Home
/
RELIGION & LIBERTY ONLINE
/
Questioning Science after Darwin
Questioning Science after Darwin
Jan 2, 2026 8:53 PM

David Berlinski has been provoking debate on a variety of subjects for decades. His new book is a sampler of his challenges to Darwinism, materialism, and the hubris of scientism.

Read More…

I can find no better way to summarize David Berlinski’s book Science After Babel than to say that it is classic Berlinski. The man himself defies a simple summary. He is a polymath and raconteur, as even his bio at the panying website explains. His Ph.D. in philosophy is from Princeton, where he studied with the great logician Alonzo Church. But his many books on the history of math and science might lead one to expect him to be a mathematician or a scientist.

He was, as it happens, a postdoctoral fellow in mathematics and molecular biology at Columbia University.

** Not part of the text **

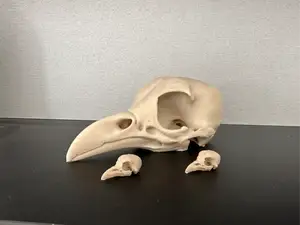 Raven skull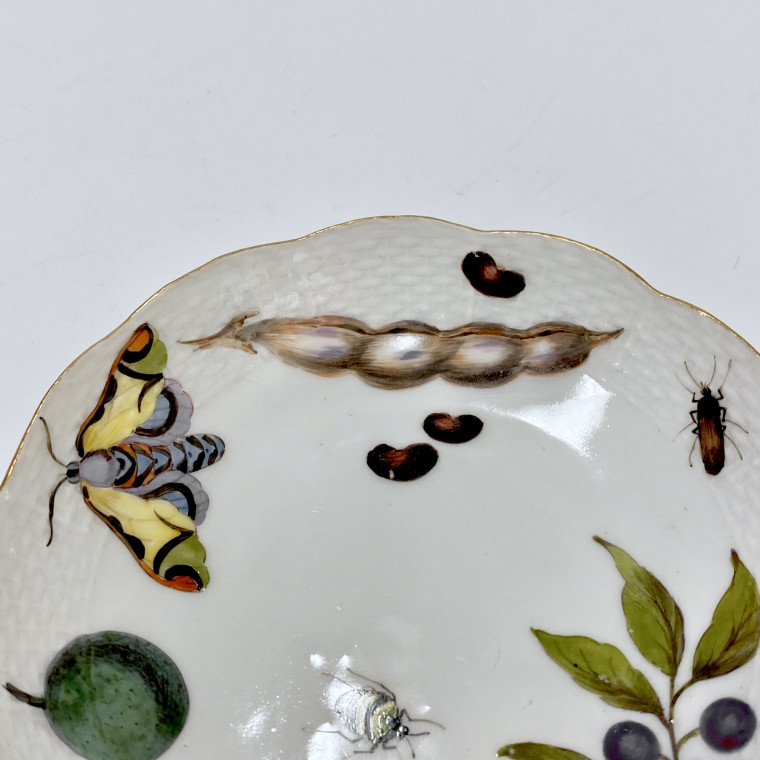 Meissen - Tasse et sa soucoupe à décor de légumes et insectes - XVIIIe siècle - vers 1745-1750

And over the years, he has taught both mathematics and philosophy in the U.S. and in France. But he is best known for his books and essays, which he has continued to produce as a senior fellow at the Discovery Institute from his apartment in Paris, where he has lived for many years.

I remember the first Berlinski essay I read. “The Deniable Darwin” appeared in Commentary in 1996, just as my own doubts about Darwinism had started to harden. The essay provoked a lengthy back and forth between Berlinski and leading Darwinians in a later issue of the magazine.

Berlinski is worth reading for both his insights and his prose, which manages to be both crisp and florid. Science After Babel is no exception. The book gathers his essays, notes, excerpts from previous books, letters to the editor, and the like written over the past few decades on the scientific enterprise.

Think of Science After Babel as a sampler platter of Berlinski’s thought and writing on science and math. Its purpose, I presume, is to leave you hungry for more.

In contrast to the current academic fashion in disciplines with “studies” in their name, Berlinski never treats science as just another power trip or language game. He knows and values the achievements of science, or rather of scientists. He especially admires math and mathematical physics but seems to return, again and again, to biology. So we get glimpses of the work of Newton, Einstein, Turing, Gödel, von Neumann, as well as Darwin, Crick, Kolmogorov, Chaitin, and Thom.

Despite his admiration, or perhaps because of it, Berlinski knows when scientists are bluffing.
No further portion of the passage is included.